# Task to carry out
Repeat only these lines, exactly: the first line of the data, the line containing "Now I need to", and every line between them. Pictures stay out.
BEGIN Information given
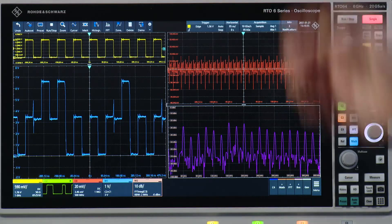All right. I hope that in this video I could demonstrate that the smart grid of RTO-6 oscilloscopes is really flexible and easy to use. Thank you.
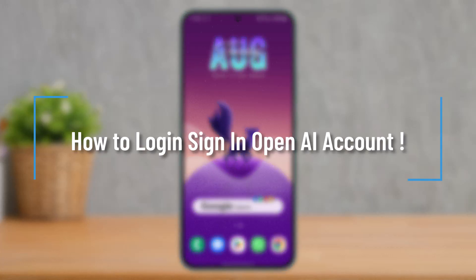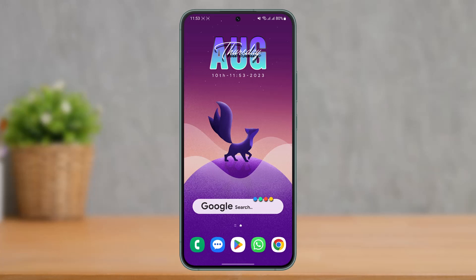How to log into OpenAI account. Hi everyone, welcome back to our channel. In today's video, I'll guide you on how you can log into your OpenAI account, so make sure to watch the video till the end.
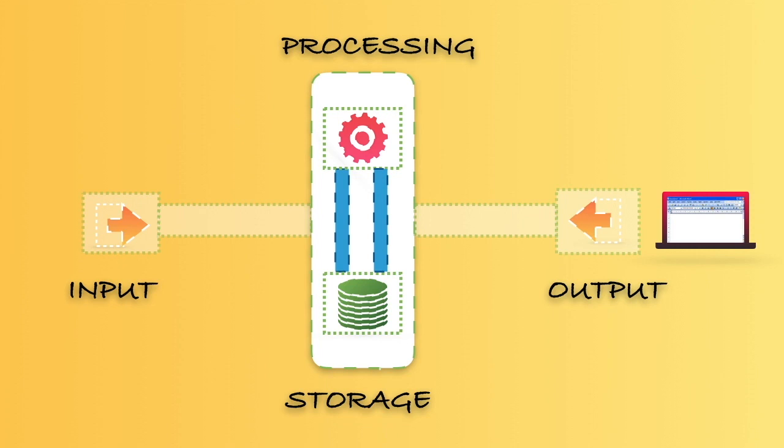To make this understood very clearly in a computer way, the first thing we need to talk about is the storage, which is actually memory. There are two different kinds of storage: one is memory and another one is storage. The memory stores temporary things.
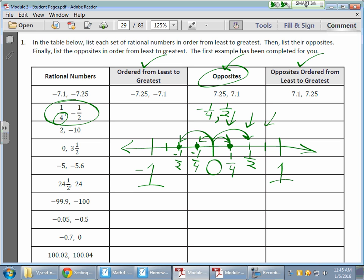Now I need to order from least to greatest. The further away from zero I get to the left of zero, the smaller the value. That negative one half is the furthest left of zero.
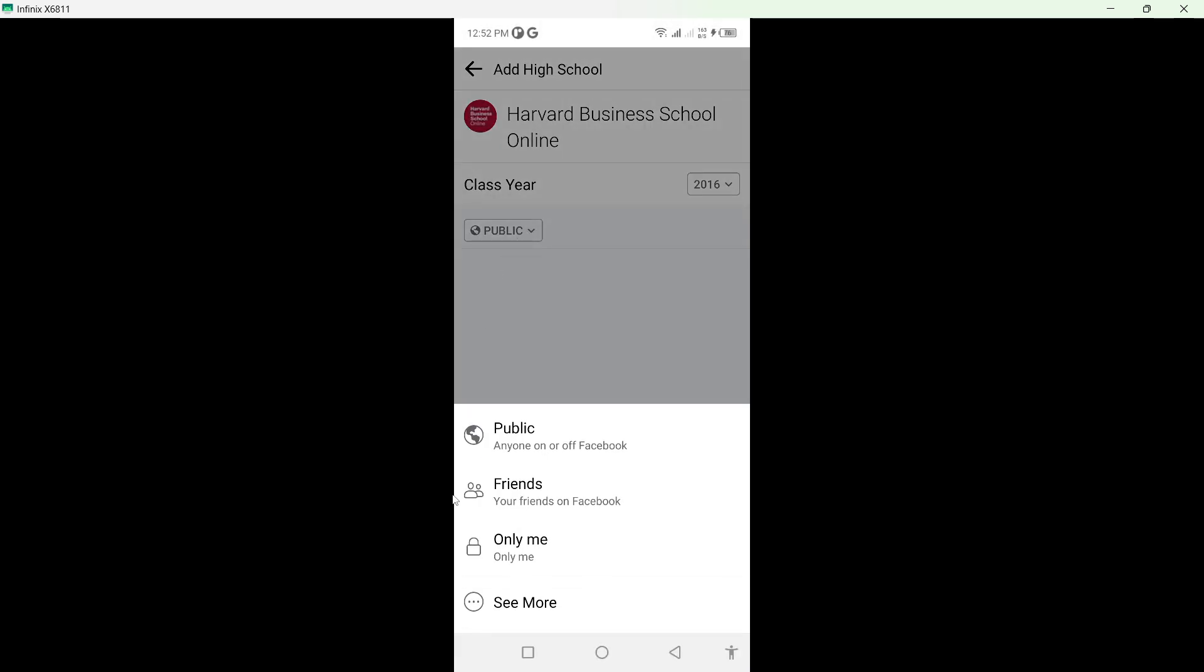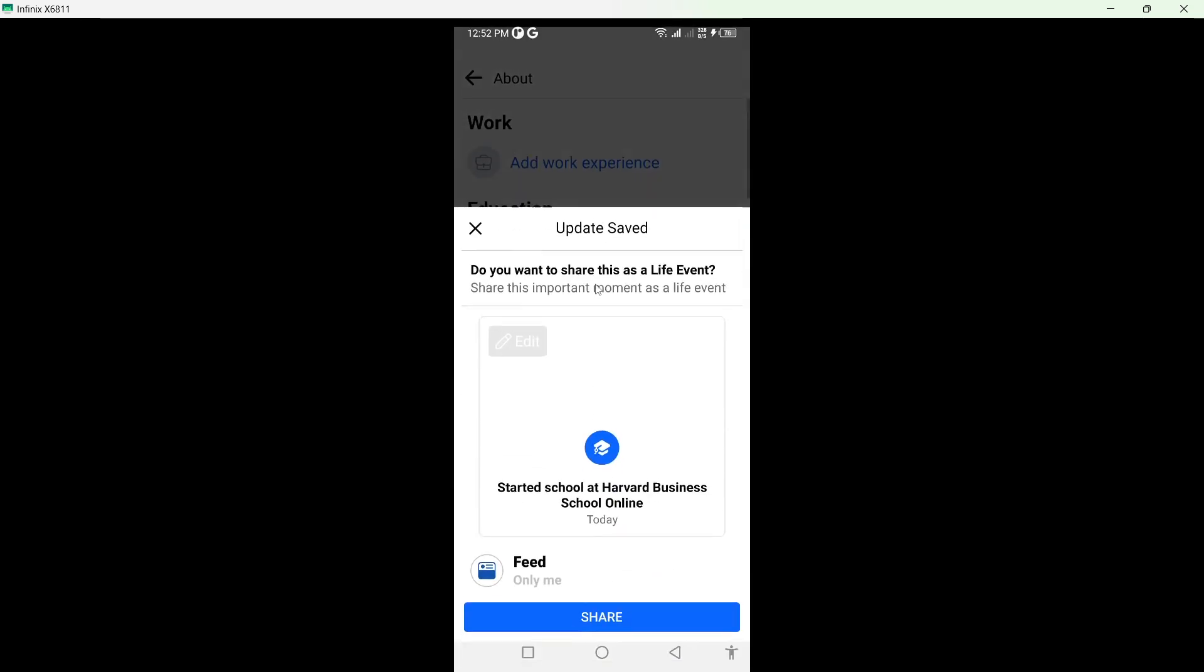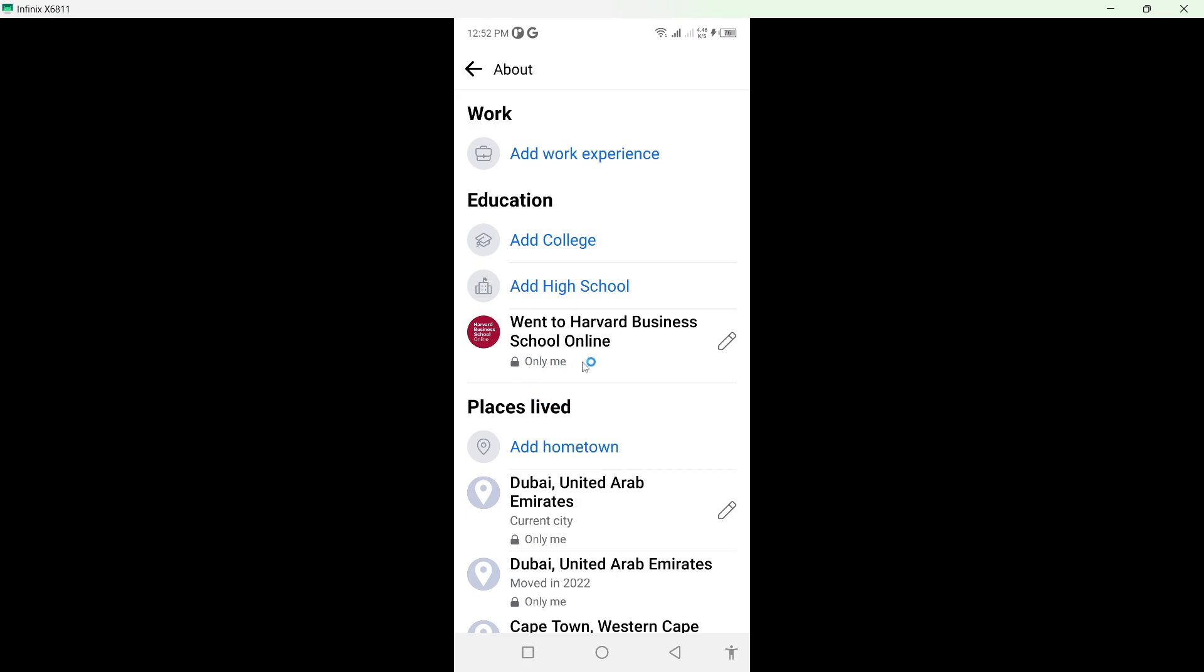privacy. So I want to not share with anyone. Click on only me. Click on save. Wait for few seconds. And once you click on share, it will not be shared with anyone because you selected the privacy only me.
END Information given
# Answer to the exercise
All right. I hope that in this video I could demonstrate that the smart grid of RTO-6 oscilloscopes is really flexible and easy to use. Thank you.
How to log into OpenAI account. Hi everyone, welcome back to our channel. In today's video, I'll guide you on how you can log into your OpenAI account, so make sure to watch the video till the end.
To make this understood very clearly in a computer way, the first thing we need to talk about is the storage, which is actually memory. There are two different kinds of storage: one is memory and another one is storage. The memory stores temporary things.
Now I need to order from least to greatest. The further away from zero I get to the left of zero, the smaller the value. That negative one half is the furthest left of zero.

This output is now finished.